Seddik Benbahlouli, âgé de 55 ans, a immédiatement marqué son opposition dès l’ouverture de son procès devant la cour d’assises du Nord. Interpellé aux États-Unis en 2023 puis extradé vers la France, l’homme affirme avoir subi une violation de ses droits et rejette toute collaboration avec la justice. Malgré la demande de la présidente de rester à la barre, il a tenté de quitter la salle d’audience, nécessitant l’intervention des forces de l’ordre pour être évacué.

L’intéressé, célibataire et sans enfant, originaire de Roubaix, est poursuivi pour tentative de meurtre sur des fonctionnaires de police, recel de véhicule volé et participation à une association de malfaiteurs. Ces charges remontent à l’année 1996, période durant laquelle le groupe criminel, mêlant grand banditisme et islamisme radical, sévissait dans le nord de la France.

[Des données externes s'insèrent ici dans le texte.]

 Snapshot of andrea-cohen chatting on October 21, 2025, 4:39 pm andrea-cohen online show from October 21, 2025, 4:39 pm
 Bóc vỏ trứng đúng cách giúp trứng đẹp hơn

Selon les éléments du dossier, des traces ADN de l’accusé ont été relevées sur les lieux d’une attaque à la kalachnikov visant des policiers. L’un d’eux avait été blessé lors de cet incident survenu à Croix, dans la banlieue lilloise. L’avocate des parties civiles a souligné la solidité de ces preuves matérielles.

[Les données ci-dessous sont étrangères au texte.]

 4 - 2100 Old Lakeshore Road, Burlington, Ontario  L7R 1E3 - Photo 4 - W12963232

Après la dissolution du réseau en 1996, Benbahlouli avait disparu, vivant sous une fausse identité à Philadelphie où il travaillait dans le secteur automobile. Les investigations indiquent qu’il aurait transité par plusieurs pays avant de s’établir en Belgique. Sa famille n’avait plus eu de ses nouvelles depuis 1996, et les autorités avaient perdu sa trace deux ans plus tard.

Le procès, qui doit se poursuivre jusqu’au 27 octobre, s’annonce particulièrement attendu lors de l’audition des quatre autres anciens membres du groupe, prévue mercredi. La cour pourrait ordonner le retour forcé de l’accusé lors du témoignage des victimes la semaine prochaine.